One of the most beloved and celebrated singers of our time, soprano Renée Fleming captivates audiences with her sumptuous voice, consummate artistry, and compelling stage presence. At a White House ceremony in 2013, President Obama awarded her the National Medal of Arts, America’s highest honor for an individual artist.
Winner of the 2013 Grammy Award for Best Classical Vocal Solo, she brought her voice to a vast new audience in 2014, as the first classical artist ever to sing “The Star-Spangled Banner” at the Super Bowl. As a musical statesman, Renée has been sought after on numerous distinguished occasions, from the 2006 Nobel Peace Prize ceremony to performances in Beijing during the 2008 Olympic Games. In 2014, she sang in the televised concert at the Brandenburg Gate to commemorate the 25th anniversary of the fall of the Berlin Wall. In 2012, in an historic first, she sang on the balcony of Buckingham Palace in the Diamond Jubilee Concert for HM Queen Elizabeth II.

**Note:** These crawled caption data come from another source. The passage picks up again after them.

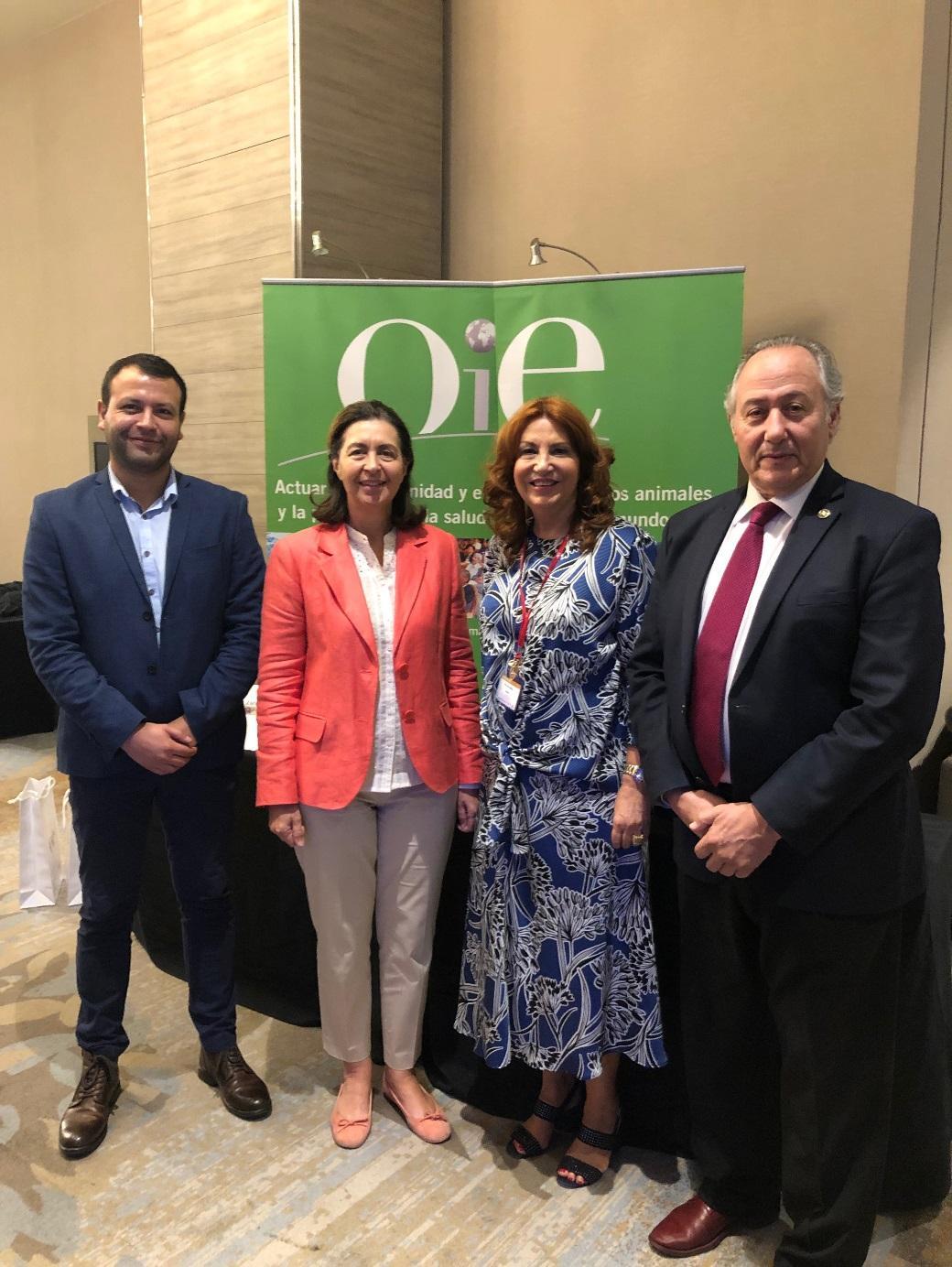 Dr. Nicolás Galarce (FAVET), Dra. Monique Eloit (Directora General OIE), Dra. Macarena Vidal (Directora Escuela de Medicina Veterinaria U.Mayor), Dr. Luis Barcos (Representante OIE para las Américas).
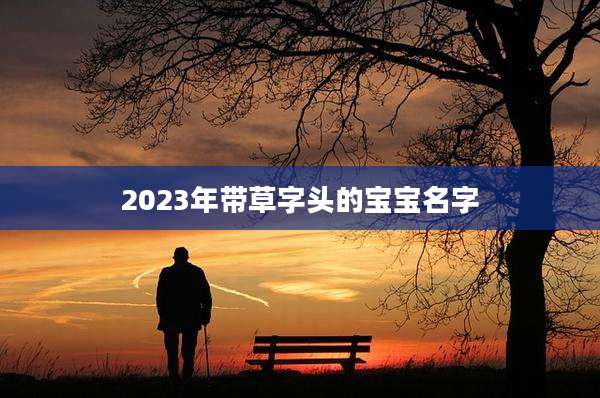 2023年带草字头的宝宝名字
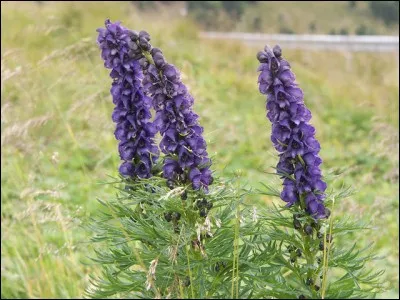 Quelle est cette fleur toxique ?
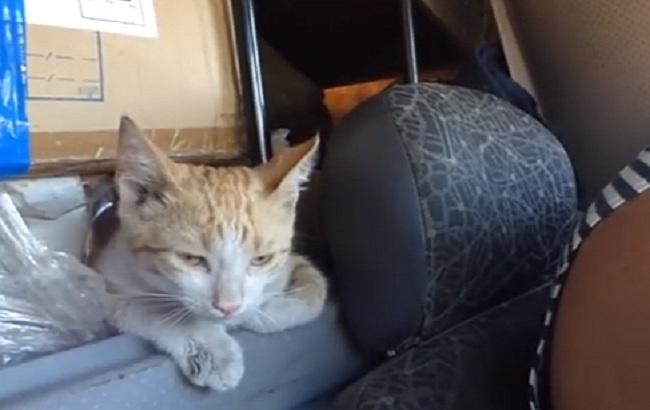 "Был Пулька, а стал Акапулька": боец перевез своего котенка из АТО в Киев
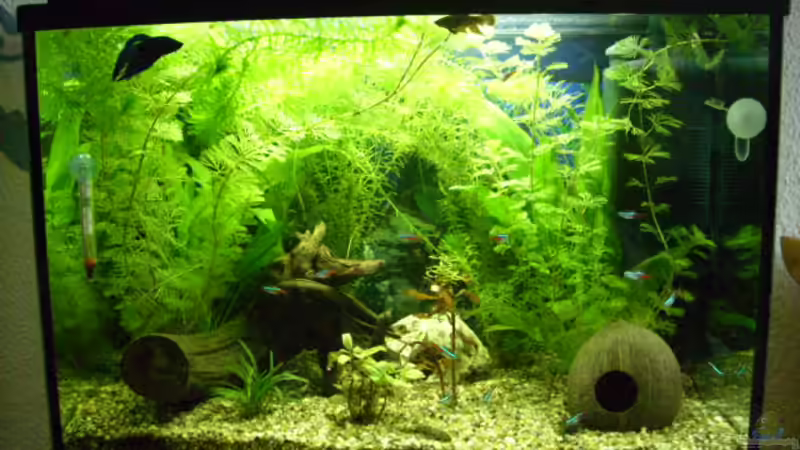 Mein 84 L Aquarium Mein 84 L Aquarium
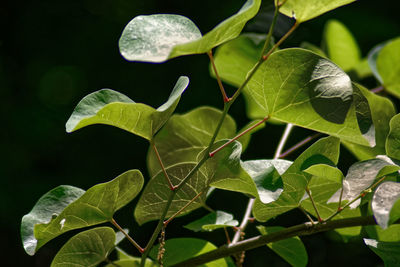 Close-up of green leaves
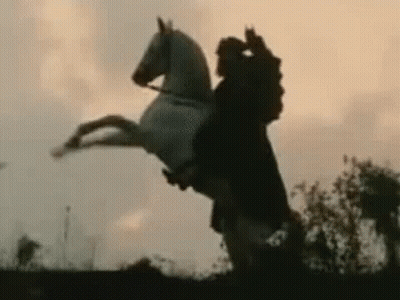 Man Riding White Horse On Hind Legs GIF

Renée Fleming is a champion of new music and has performed works by a wide range of contemporary composers, including recent compositions by André Previn, Caroline Shaw, Kevin Puts, Anders Hillborg, Henri Dutilleux, Brad Mehldau, and Wayne Shorter. Among her numerous awards are Germany’s Cross of the Order of Merit (2015); the Fulbright Lifetime Achievement Medal (2011); Sweden’s Polar Prize (2008); the Chevalier de la Légion d’Honneur from the French government (2005); Honorary Membership in the Royal Academy of Music (2003); and honorary doctorates from Harvard University, the University of Pennsylvania, Duke University (2015), Carnegie Mellon University (2012), the Eastman School of Music (2011) and The Juilliard School (2003), where she was also commencement speaker.